Just picked up on this thread. My van isn't here at the moment but I don't believe I have a lock/unlock button either. Mine's a Highline Kombi.
Mine is a highland kombi, and I have the lock button so I am sure yours will have.
 
Thanks for doing that @Pauly, if the locking switch clips into the surround then I just need the surround then. The part number for my surround is the same apart from the 3rd character which is 0 instead of 5. The other switches are the same number except the suffix letter. One think I've noticed though, your switches are July 16 and all the switchgear and connections I have in that door are stamped Nov 15! For a Feb 17 van. So they must have been saving up old parts just to make my van less functional o_O
 
My van is early, manufacture date aug 15
The 5s look like 6s
 
Ok I can finally bring an end to this, @Pauly sent me the wires terminated with the crimped terminal I needed, along with the correct plug to go into the back of the locking switch, and I had a day free so got stuck into it. I already had the door card off so was able to quickly attach the connections for switch illumination and ground, both available on the back of the mirror adjustment switch, and fed the remaining connector through the door wiring "tunnel" to below the steering wheel. The lower black trim has a couple of torx screws holding it then just unclips, and the trim on the lower half of the dash just pulls off.
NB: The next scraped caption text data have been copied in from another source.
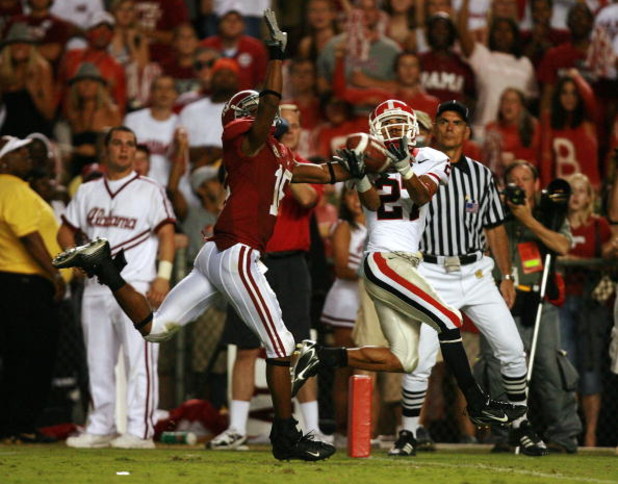 TUSCALOOSA, AL - SEPTEMBER 22:  Split end Mikey Henderson #27 of the Georgia Bulldogs catches the game winning touchdown in overtime over defensive back Lionel Mitchell #16 of the Alabama Crimson Tide at Bryant-Denny Stadium at Bryant-Denny Stadium Septem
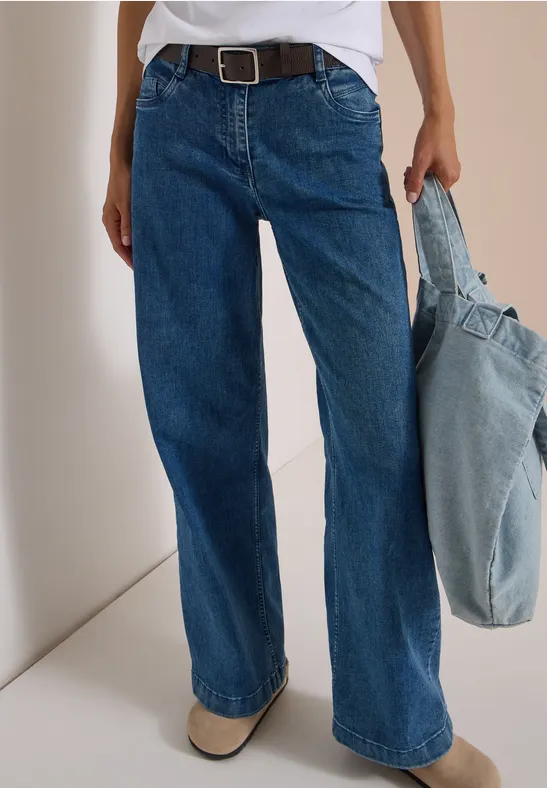 Personne porte un jean large bleu avec ceinture et tient un sac clair en denim.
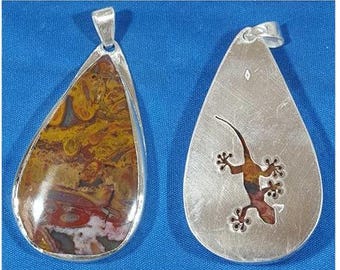 May include: A silver pendant with a teardrop shape. One side features a brown and red agate stone, the other side has a cut-out design of a gecko.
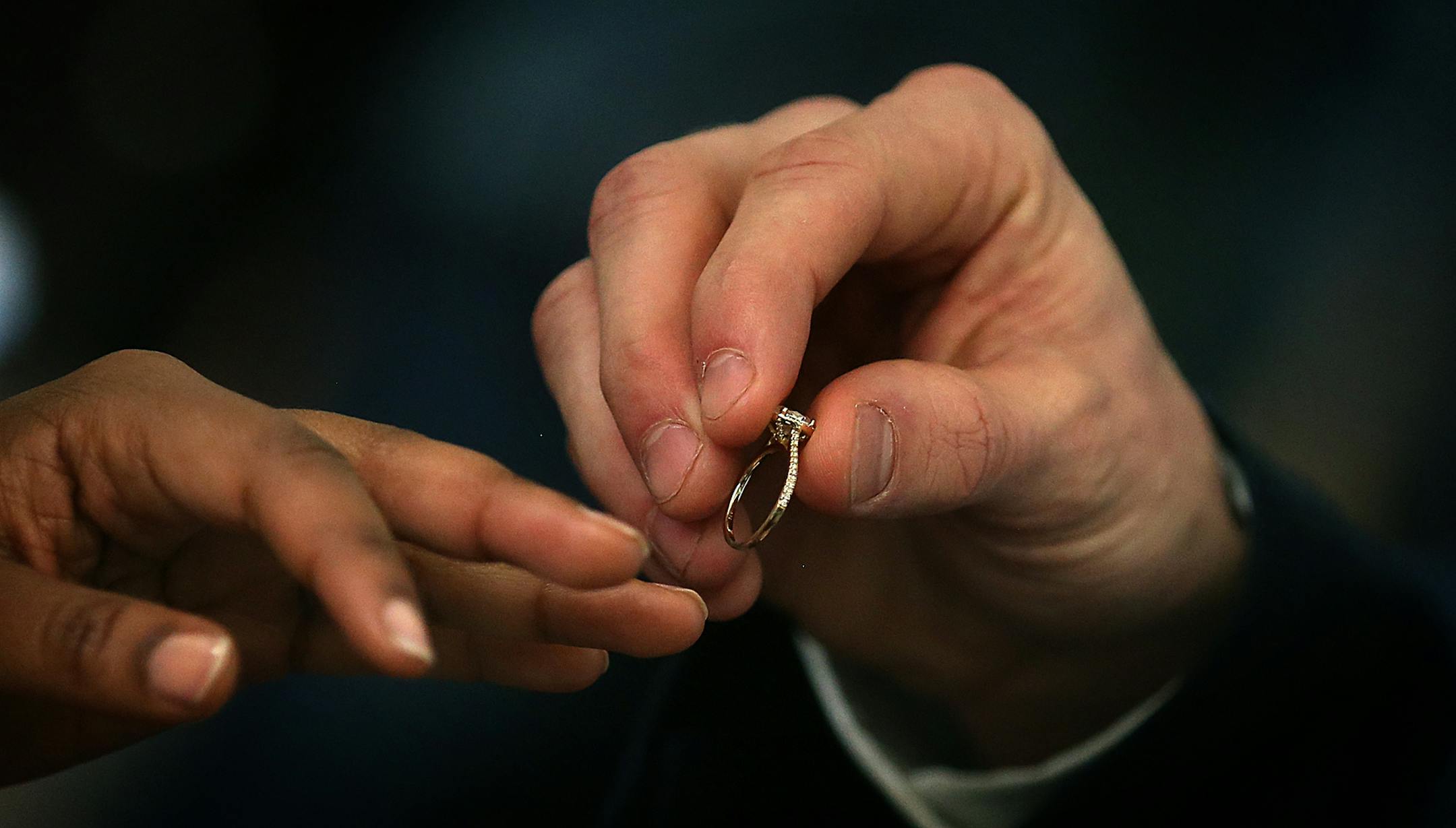 Pat Dalton placed a wedding ring on the finger of bride Julie Gicheru. ] JIM GEHRZ ï james.gehrz@startribune.com / Minneapolis, MN / February 12, 2016 /12:00 PM ñ BACKGROUND INFORMATION : Fourth Judicial District judges will unite 34 couples in matrimony at no charge on Friday, February 12, 2016. More than 100 couples have been united at the Valentineís Day weekend annual event. A quartet, Musica Ipsa Loquitor, featuring the Honorable Elizabeth Cutter will play throughout the marr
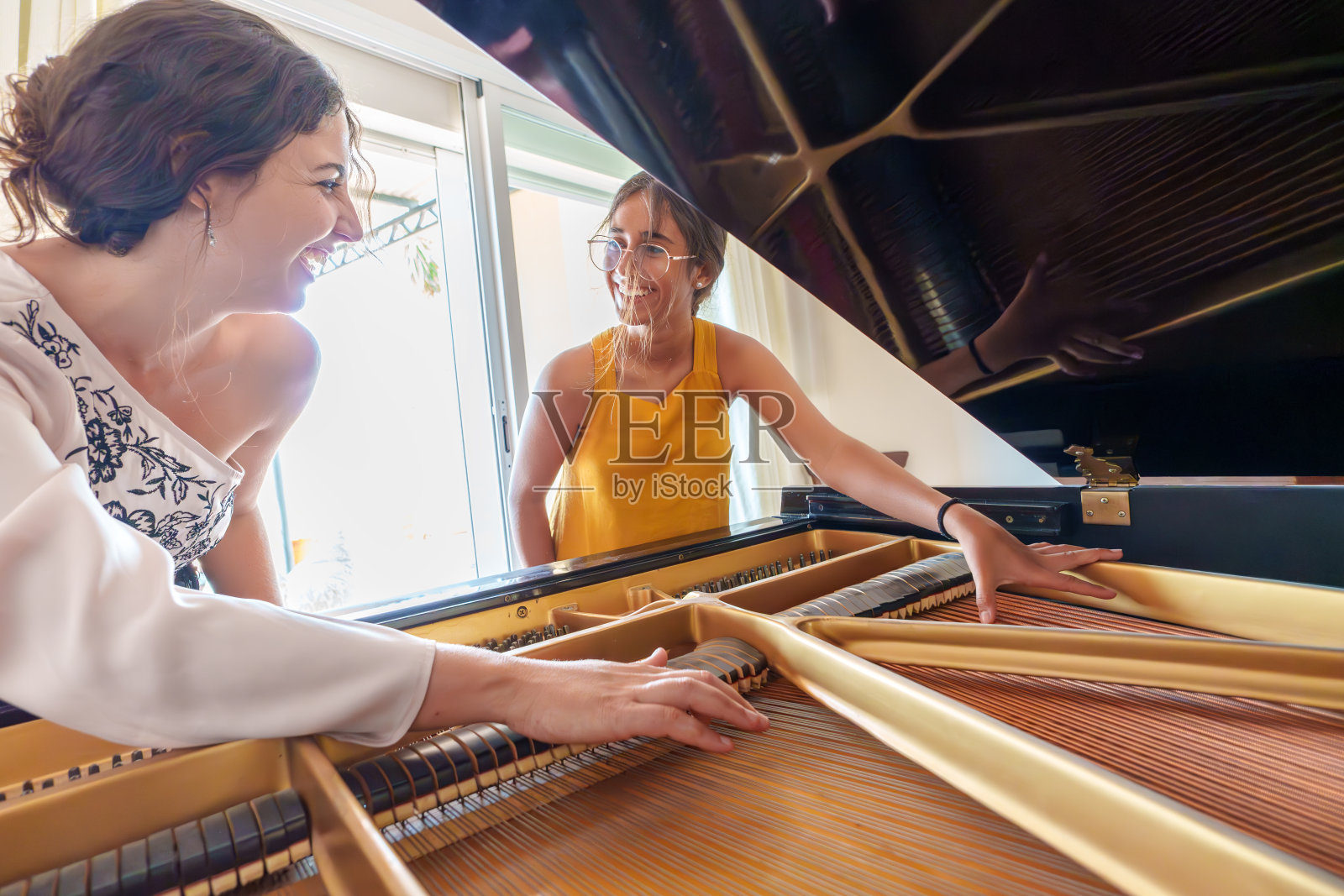 钢琴老师教十几岁的女学生三角钢琴的内部工作原理照片摄影图片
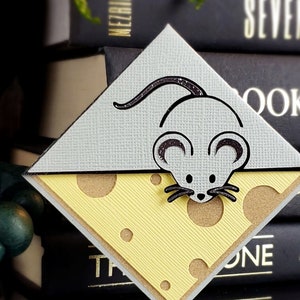 May include: A gray and white mouse bookmark with a cheese design. The mouse is holding a piece of cheese with holes in it.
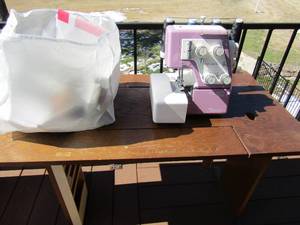 lot 9 image: My Loc Sewing Machine  with Memory Disc 2,3,4,5,6,9 and 17   plus New Home SEWING  CABINET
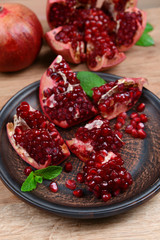 Ripe pomegranates on table close-up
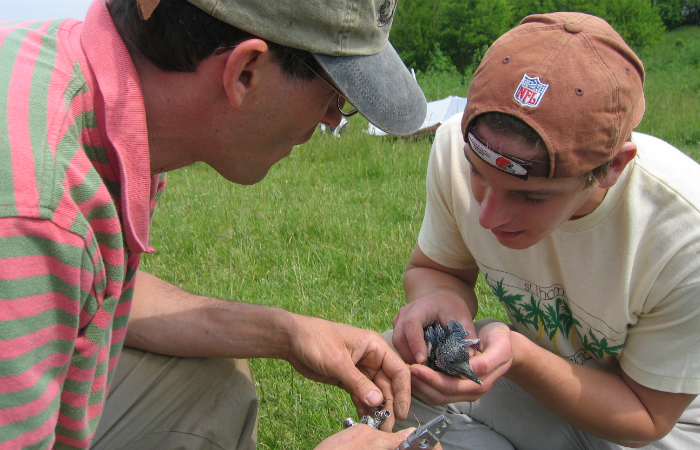 Researchers Holding Bird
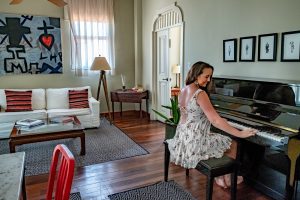 Las Clementinas - living space in apartment 5 with piano, Panama City, Panama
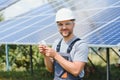 A man holds an Incandescent light bulb in his energy concept, the sun is clean after work and replaces the energy that Royalty Free Stock Photo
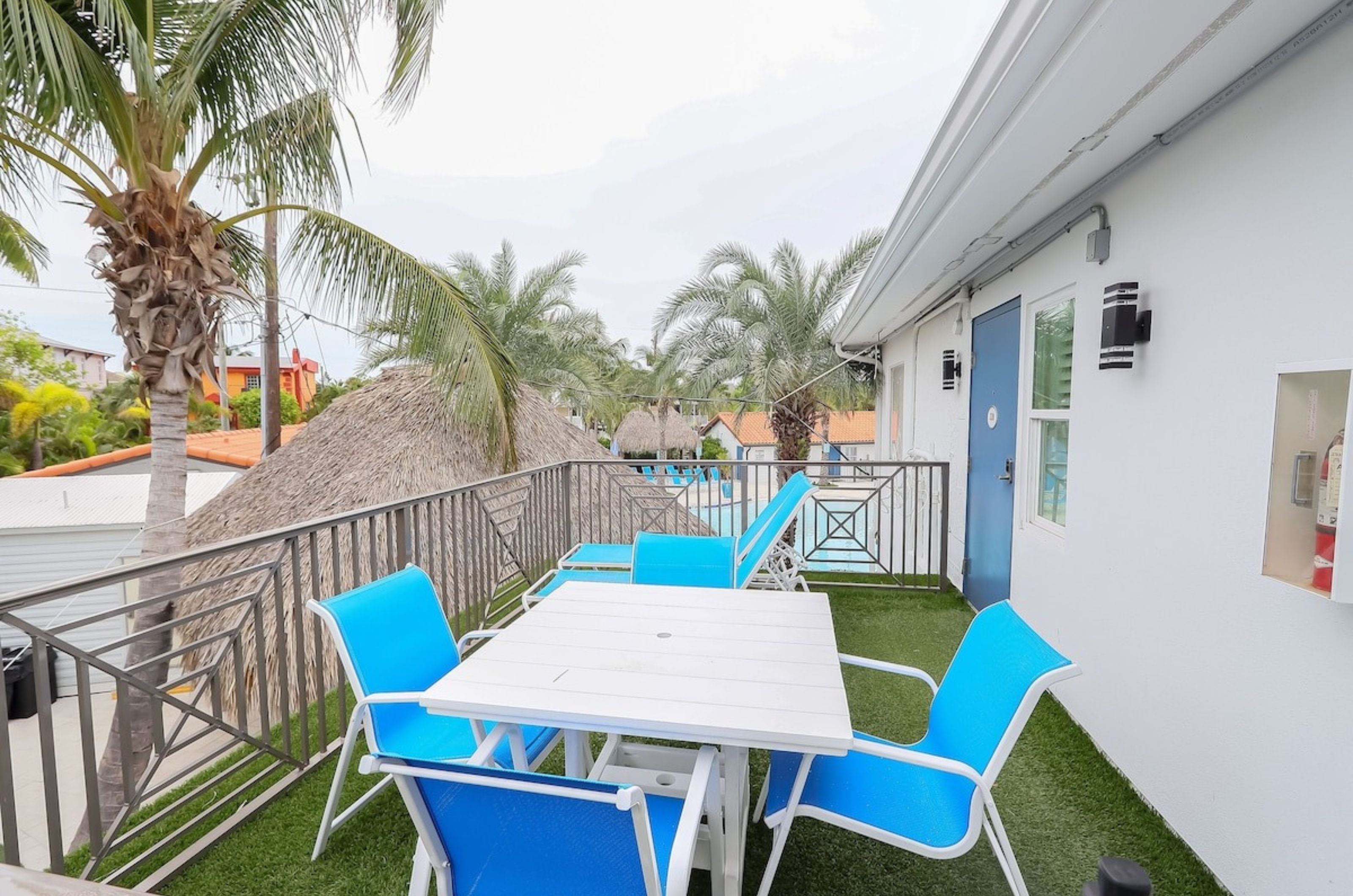 An outdoor patio at Siesta Key Beach Resort and Suites with a table and lounge chairs 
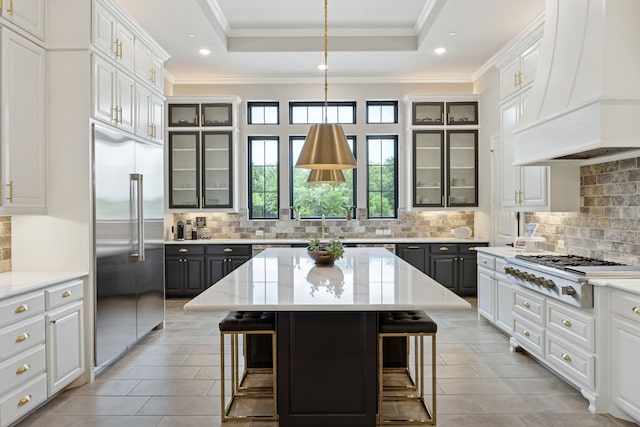 5724 Bellaria Ct, Flower Mound, TX 75022 - kitchen featuring built in fridge, premium range hood, gas stovetop, a breakfast bar area, and ornamental molding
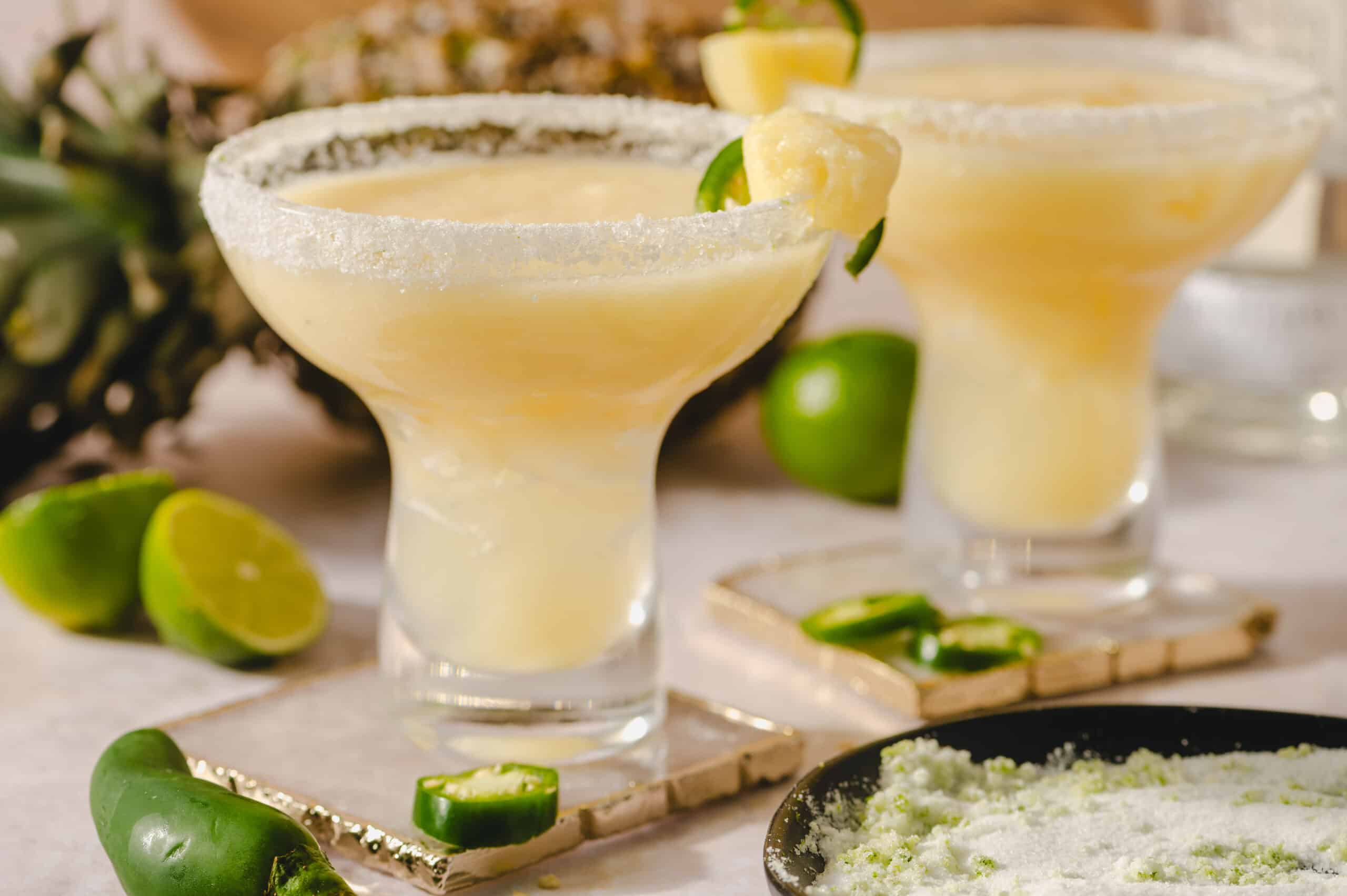 Freshly made lime margaritas in elegant glasses with salted rims, garnished with lime wedges, served on a table with fresh lime and jalapeño peppers for a spicy twist; perfect for summer gatherings or celebrations.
I also removed the shroud round the bottom of the steering column to give myself a bit more room.

Once upside down in the footwell you can see the two 73 pin connectors that go into the back of the BCM and they can be unplugged without removing the BCM itself by hinging up the white clips and pulling horizontally towards the front of the carFile 21-05-2017, 17 58 16.jpeg (the flat side on the left goes into the BCM). To help distinguish them, one is white and one is black (I wanted the black one 73A), and pushing in a little clip either side allows you to slide the connector block out of the hinged surround. Once you do, you separate the connector block into two halves by holding the sides and sliding in opposite directionsFile 21-05-2017, 17 57 38.jpeg
Once you've done this you can see that each pin is numbered (they're very small but they're there) and once I'd found the pin I needed (25) I found that I couldn't put the crimped connector in as there was already a yellow wire in it. After further consulting with @Pauly he confirmed that was ok and to attach the wire to that yellow. That did prove difficult as it was in the middle of a thick bunch of tightly wrapped wires heading up the dash with hardly any slack, but after just a faint whiff of burning floor mat (oops) I had the connection soldered and heatshrunk. After reassembling the connector and plugging them both back into the BCM it was time to re-connect the battery and hold my breath and ... Success! :mexican wave:

I really find putting the lower trim panel that fits round the light switch surround difficult and it took a lot of bending (and butchering the plastic round the surround itself, which is thankfully hidden when assembled) to get it back on, but with all reassembled it works perfectly and is indistinguishable from factory :D And yes I know the door card isn't back on properly, I can never get that right first time.
File 21-05-2017, 17 58 49.jpeg

Boosted by the achievement, I then ran the cable for my rear dash cam and installed it, also running the rear cable for my upcoming 360 cam project, plus a spare 12v supply to the back while I had the trim off. All in all a good day, in fact I feel epic! Where's my high heels and hot pants :whistle:

Huge thanks again to @Pauly for all the help, it's an unnerving experience pulling apart a 3 month old van and making new connections to the BCM and he gave me the confidence to give it a go :thumbsup: If anyone ever needs to do this, or you've come across this on a Google search, get in touch and I can give you any more details you need.